** Opening DATA SUPPLIED block **

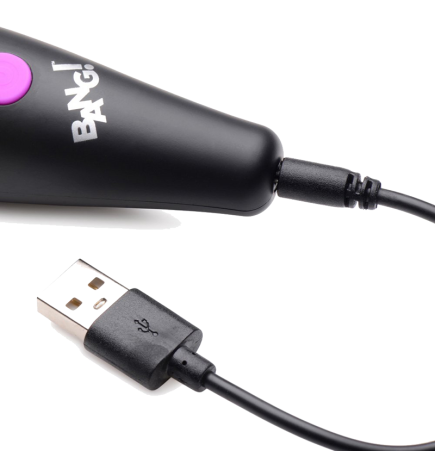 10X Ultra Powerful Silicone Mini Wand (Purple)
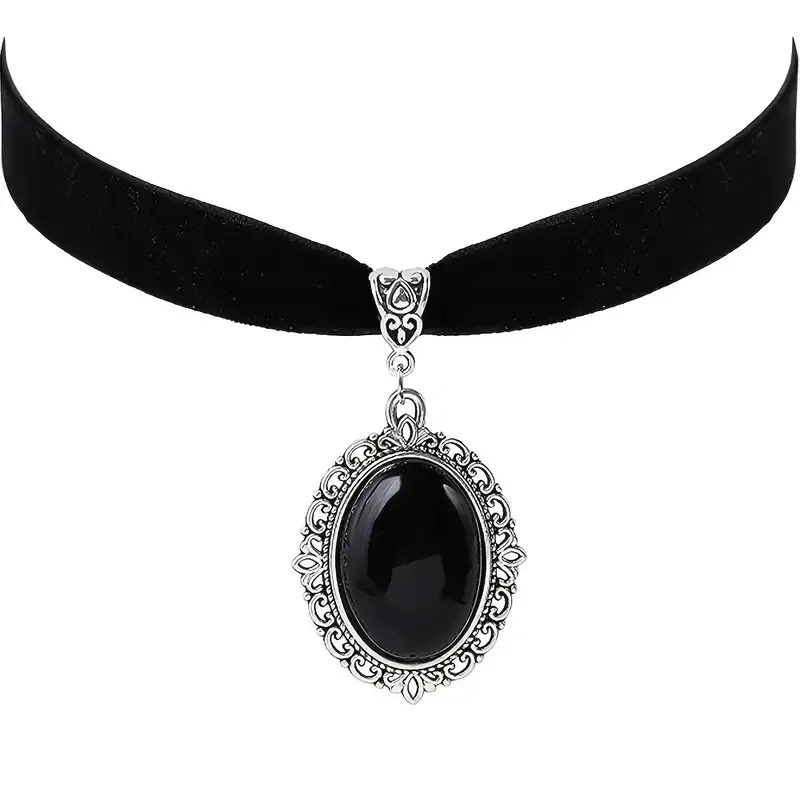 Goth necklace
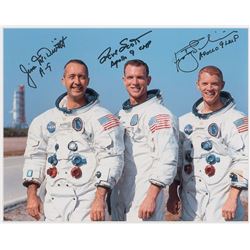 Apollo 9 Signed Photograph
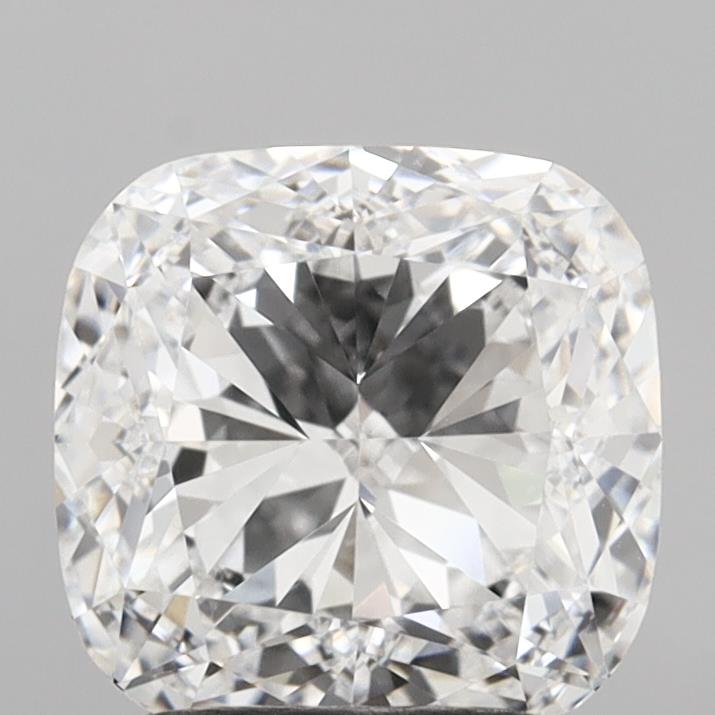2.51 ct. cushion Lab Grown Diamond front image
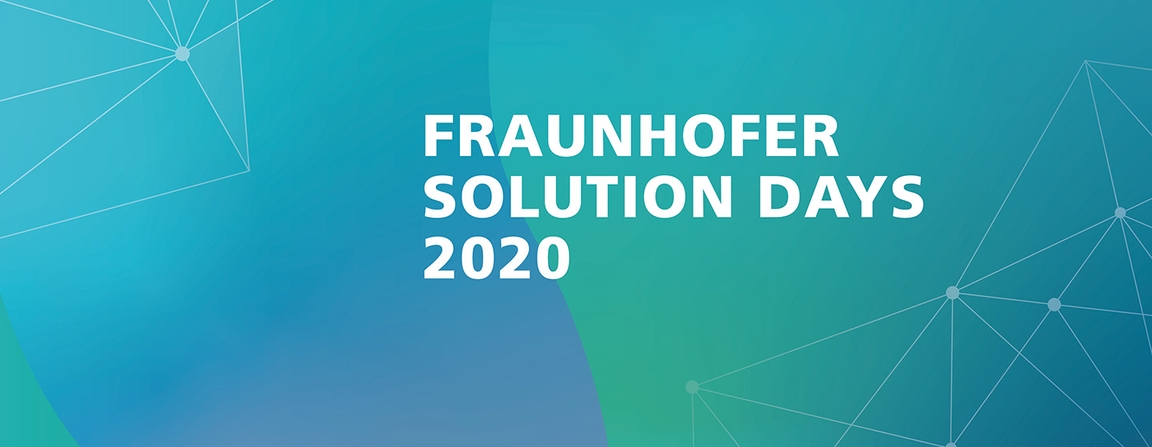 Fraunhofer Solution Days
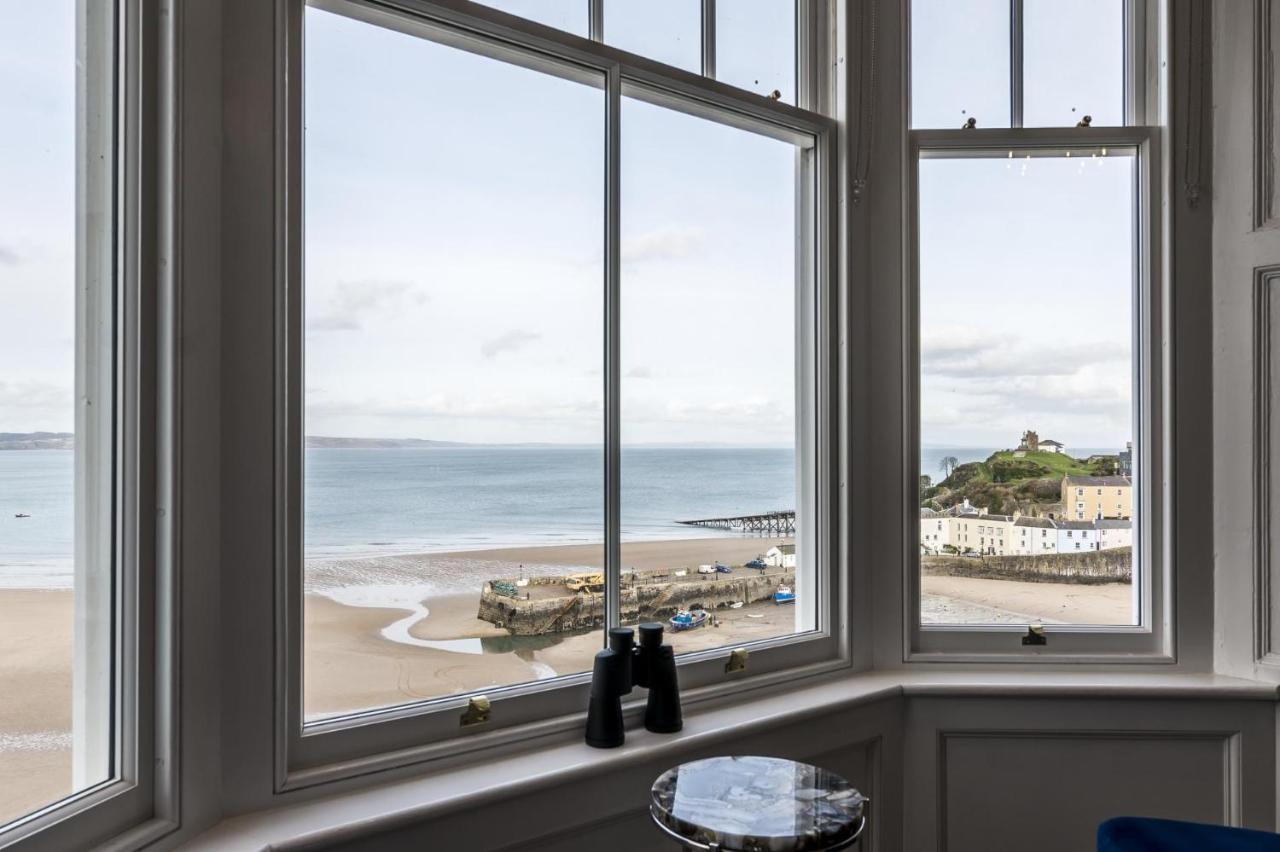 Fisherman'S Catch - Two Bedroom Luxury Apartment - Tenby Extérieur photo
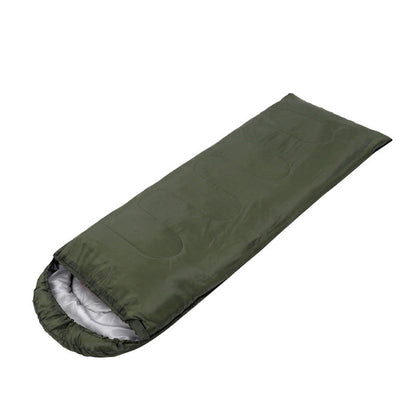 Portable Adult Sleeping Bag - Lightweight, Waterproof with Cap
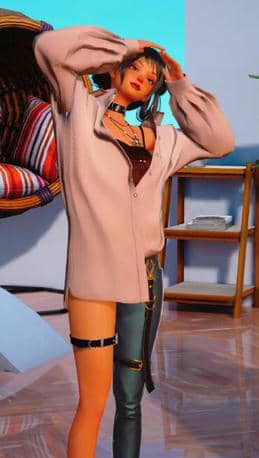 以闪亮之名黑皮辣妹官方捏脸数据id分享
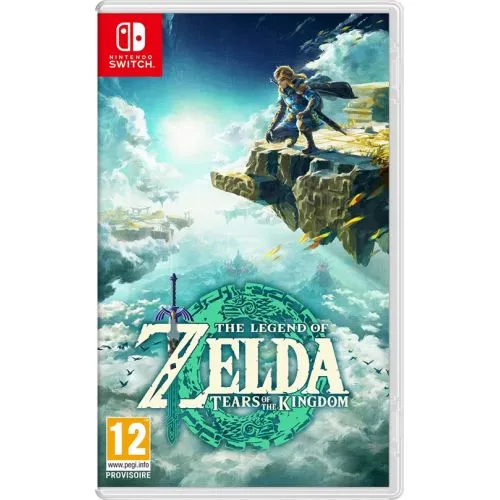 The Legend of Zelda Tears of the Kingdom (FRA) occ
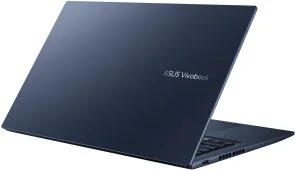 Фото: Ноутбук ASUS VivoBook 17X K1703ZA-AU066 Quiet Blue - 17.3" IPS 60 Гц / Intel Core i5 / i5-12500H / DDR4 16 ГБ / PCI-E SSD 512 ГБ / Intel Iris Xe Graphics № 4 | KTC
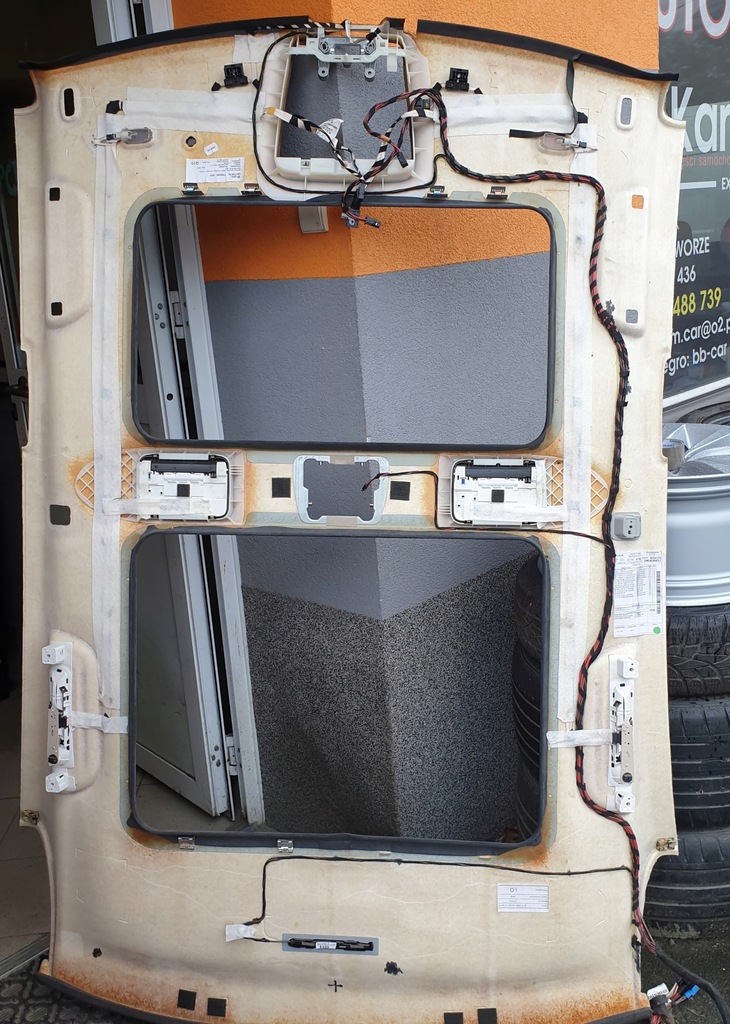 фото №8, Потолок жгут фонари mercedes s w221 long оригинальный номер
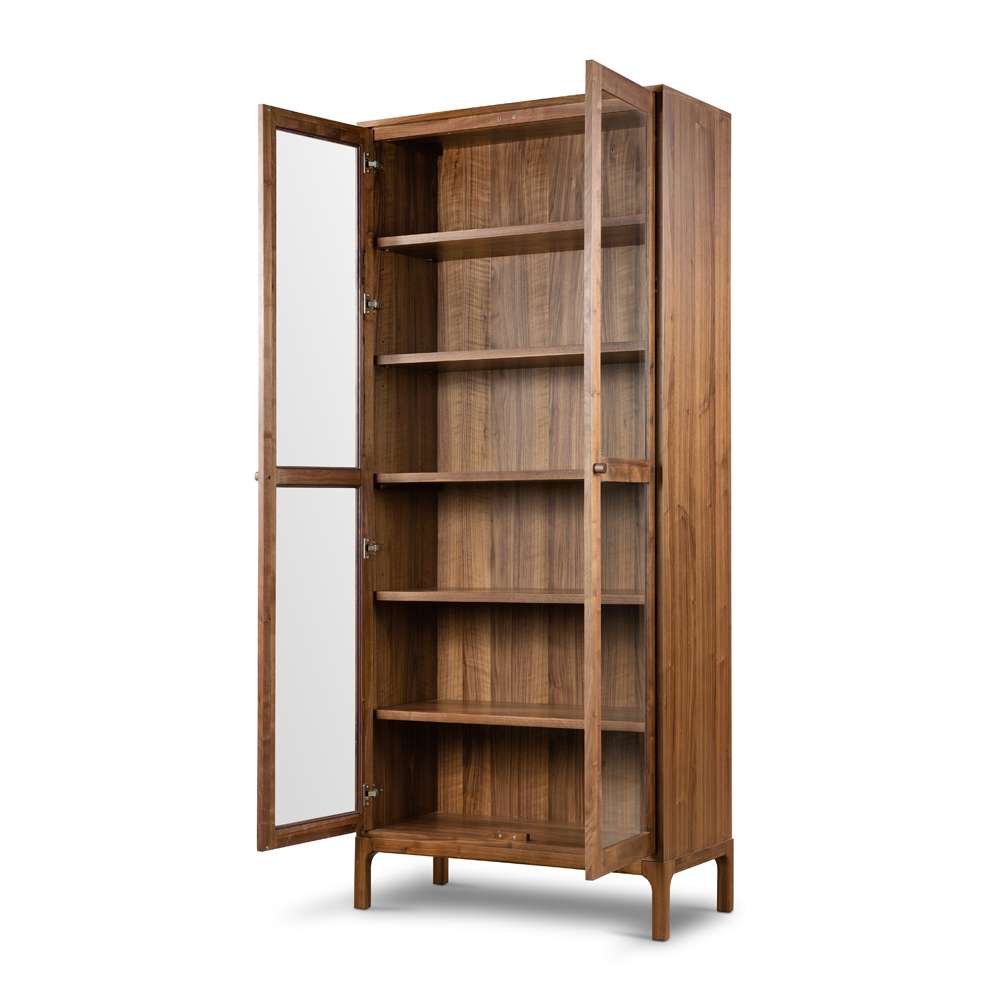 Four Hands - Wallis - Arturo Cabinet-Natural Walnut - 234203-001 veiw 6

** Closing DATA SUPPLIED block **

#### [TASK INSTRUCTIONS]
The records above are to be repeated exactly, with the pictures left out.

#### [SOLVED PROBLEM]
 10X Ultra Powerful Silicone Mini Wand (Purple)
 Goth necklace
 Apollo 9 Signed Photograph
2.51 ct. cushion Lab Grown Diamond front image
 Fraunhofer Solution Days
 Fisherman'S Catch - Two Bedroom Luxury Apartment - Tenby Extérieur photo
 Portable Adult Sleeping Bag - Lightweight, Waterproof with Cap
 以闪亮之名黑皮辣妹官方捏脸数据id分享
 The Legend of Zelda Tears of the Kingdom (FRA) occ
 Фото: Ноутбук ASUS VivoBook 17X K1703ZA-AU066 Quiet Blue - 17.3" IPS 60 Гц / Intel Core i5 / i5-12500H / DDR4 16 ГБ / PCI-E SSD 512 ГБ / Intel Iris Xe Graphics № 4 | KTC
 фото №8, Потолок жгут фонари mercedes s w221 long оригинальный номер
 Four Hands - Wallis - Arturo Cabinet-Natural Walnut - 234203-001 veiw 6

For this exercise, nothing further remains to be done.